On March 10, EU and US pressed to drop dispute-settlement rule from trade deal. After reading the news, I did a research on European Monetary Unification(EMU) and the euro to better understand it.
1. What is EU and EMU?
EMU is the move to a common currency for a group of countries of Europe, originally with 12 countries and now increased to 18. The purpose is to further the economic integration of Europe that began with the European Economic Community and is today called the European Union (EU). The currency is shared by all 18 countries and is not controlled by any one of them – it is controlled by the European Central Bank (ECB), based in Frankfurt, Germany. This group of countries is called the Economic and Monetary Union (EMU), or informally, the Eurozone.

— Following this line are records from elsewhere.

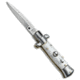 Skm SKM 4.5&quot; Italian Mini Stiletto Automatic Knife White Pearlex Bayonet, White, Stainless Steel, adult, BHQ-67447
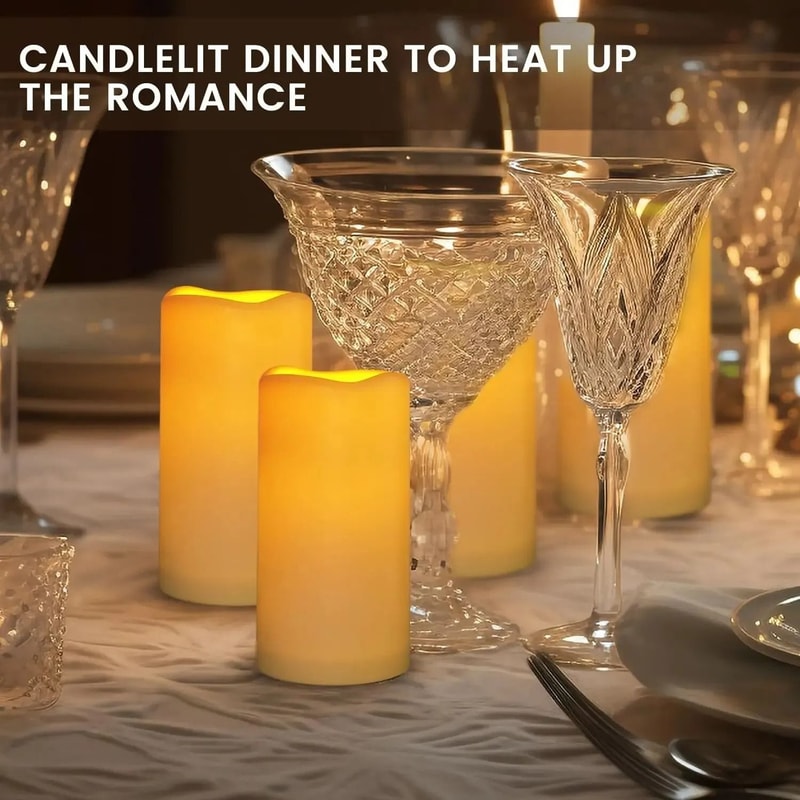 Candlium Flameless LED Pillar Candles Battery Operated Flickering Candle Set With Remote 7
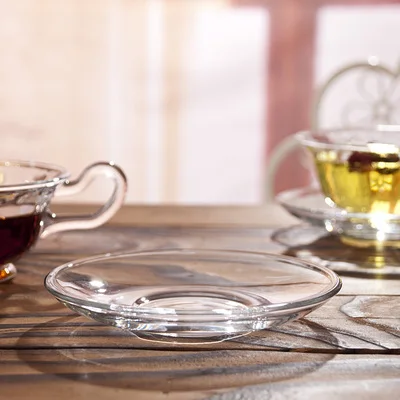 normal glass saucer Креативный стеклянный прозрачный кофе чай молочные напитки Десерт Кружка для молока на завтрак стеклянная кружка с ручкой и крышкой - Цвет: normal glass saucer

2. Difficulties of Adopting Common Currency
There was need for convergence but there were also difficulties of adopting common currency. First of all, if countries have different rates of inflation, the high-inflation countries will lose markets to low-inflation countries so that the exchange rates won’t adjust to correct for differences. Secondly, if countries have different interest rates, capital will flow to high-interest rate countries seeking higher return. In addition, the uncertainty about exchange rate will not offset this. Thirdly, the unification of currency brings the temptation to run budget deficits when one country is able to borrow from other countries.
From the above three aspect, we can conclude that the success with a common currency requires countries to have similar inflation rates, interest rates, budget deficits, and government debts – achieving these is “convergence”.
3. Pros and Cons of Unification
The proponents believe that the unification will hep complete the internal market and improve competition efficiency. Countries will face a very open market that there are various players from different countries. Also, there would be arbitrage across national borders. The survival of the fittest keeps the market moving forward. The market efficiency could also bring the stability of prices of goods that would benefit the consumers across countries. Considered from the financial market, the unification will lower the interest rate and therefore bring higher investments which will ultimately lead to a stronger growth.
The opponents have negative voices that the unification will lead to the loss of sovereignty. This is controversial because some people worry that the countries may not be able to make their own decisions independently. Secondly, there are difficulties of adjustment to asymmetric shocks. As had happened before, German unification and discovery of North Sea Oil are the sources.